▶ What this task involves
Your task is to retype, exactly and without pictures, the line holding "2月22日は猫の日！！猫ちゃ" and each line that follows it to the end of the entries.

▶ Exercise inputs
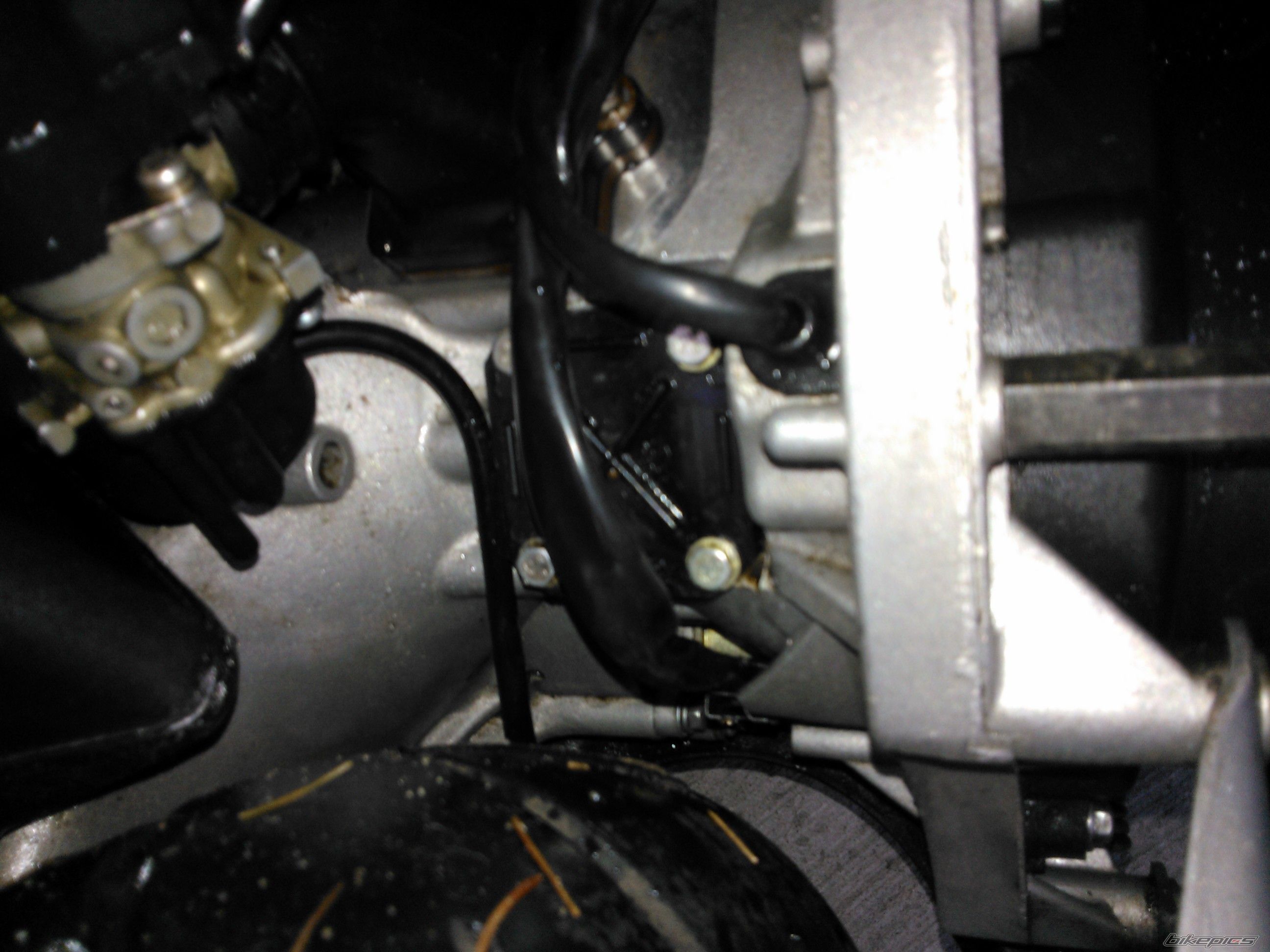 Photo 2378928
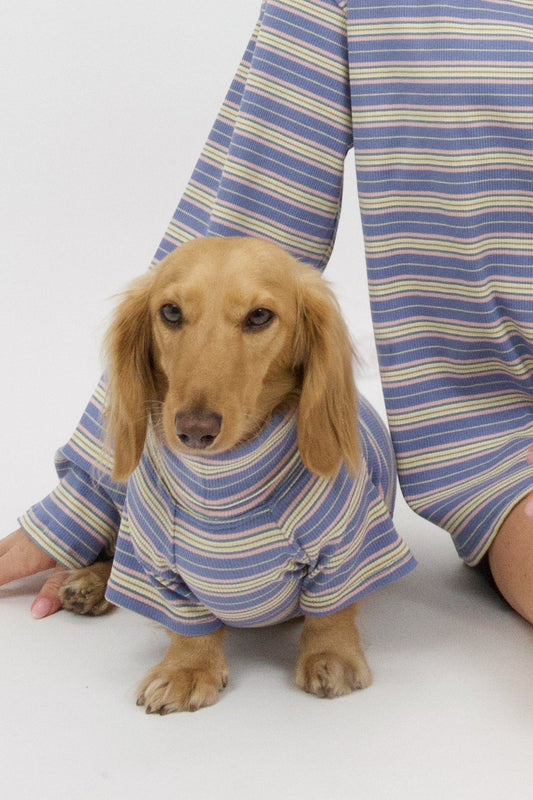 Blueberry Fields Dog Shirt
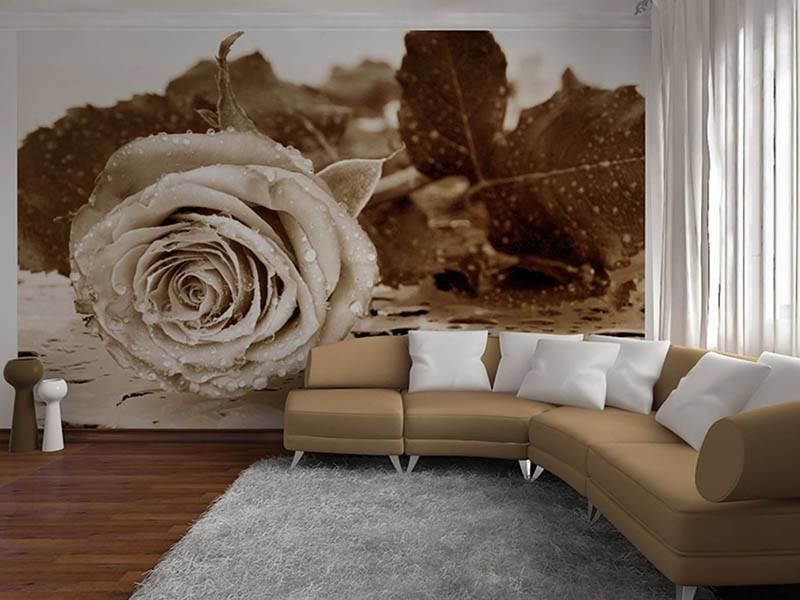 Rose picture in the living room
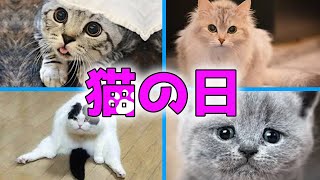2月22日は猫の日！！猫ちゃんたちに癒されよう♡【スイッチ/switch ラジオ】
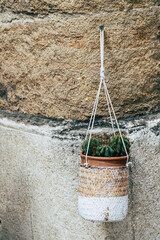 Petite plante verte succulente dans un panier en osier suspendu - Décoration pour l'extérieur de...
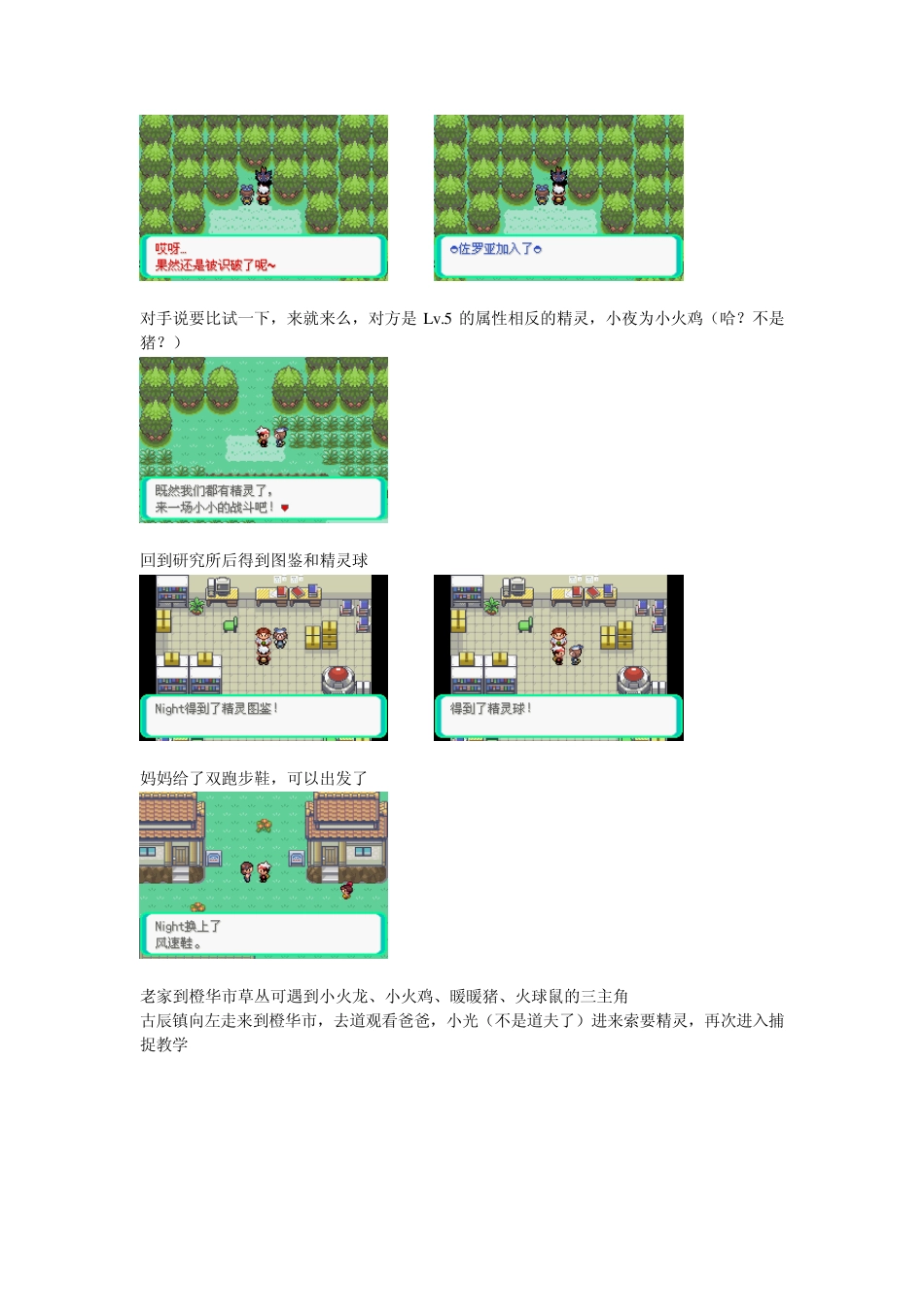 口袋妖怪漆黑的魅影图文攻略_第3页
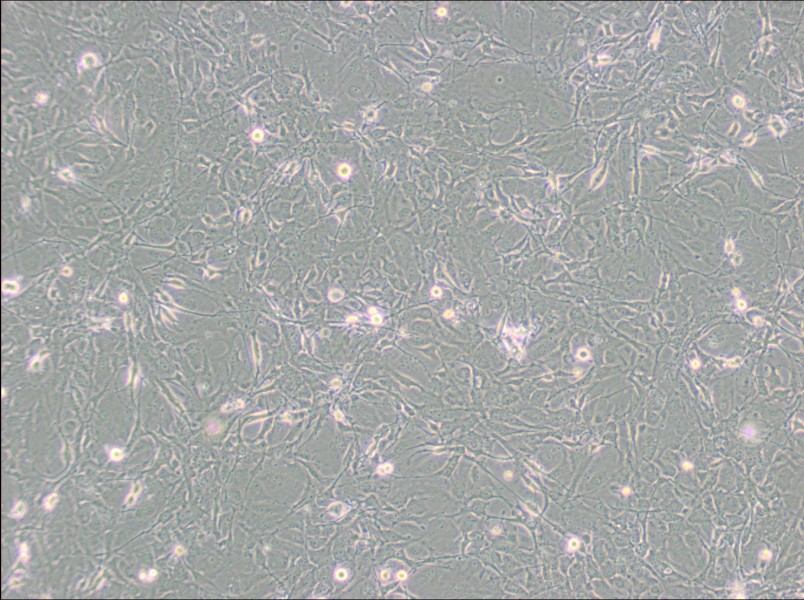 MET-5A Cell Complete Medium-searchlist-1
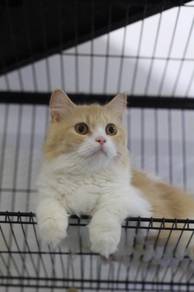 Domestic Long Hair Female Red Bicolour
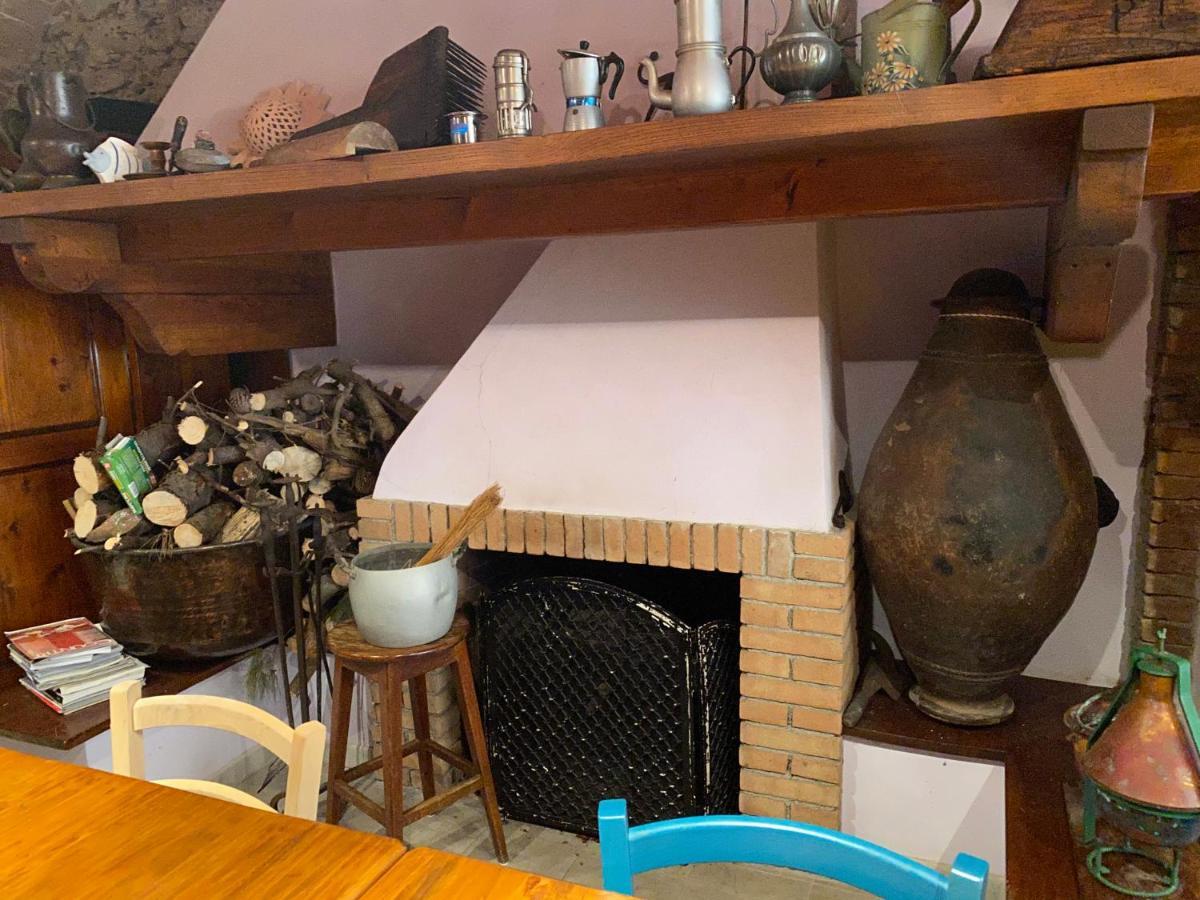 Agriturismo Le Biricoccole Vada Εξωτερικό φωτογραφία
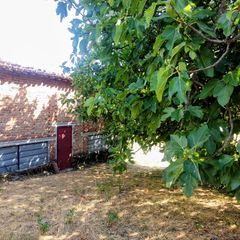 Finca rústica  Calle el tablao. Finca con edificacion en jarandilla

▶ Finished exercise
2月22日は猫の日！！猫ちゃんたちに癒されよう♡【スイッチ/switch ラジオ】
 Petite plante verte succulente dans un panier en osier suspendu - Décoration pour l'extérieur de...
 口袋妖怪漆黑的魅影图文攻略_第3页
 MET-5A Cell Complete Medium-searchlist-1
 Domestic Long Hair Female Red Bicolour
 Agriturismo Le Biricoccole Vada Εξωτερικό φωτογραφία
 Finca rústica  Calle el tablao. Finca con edificacion en jarandilla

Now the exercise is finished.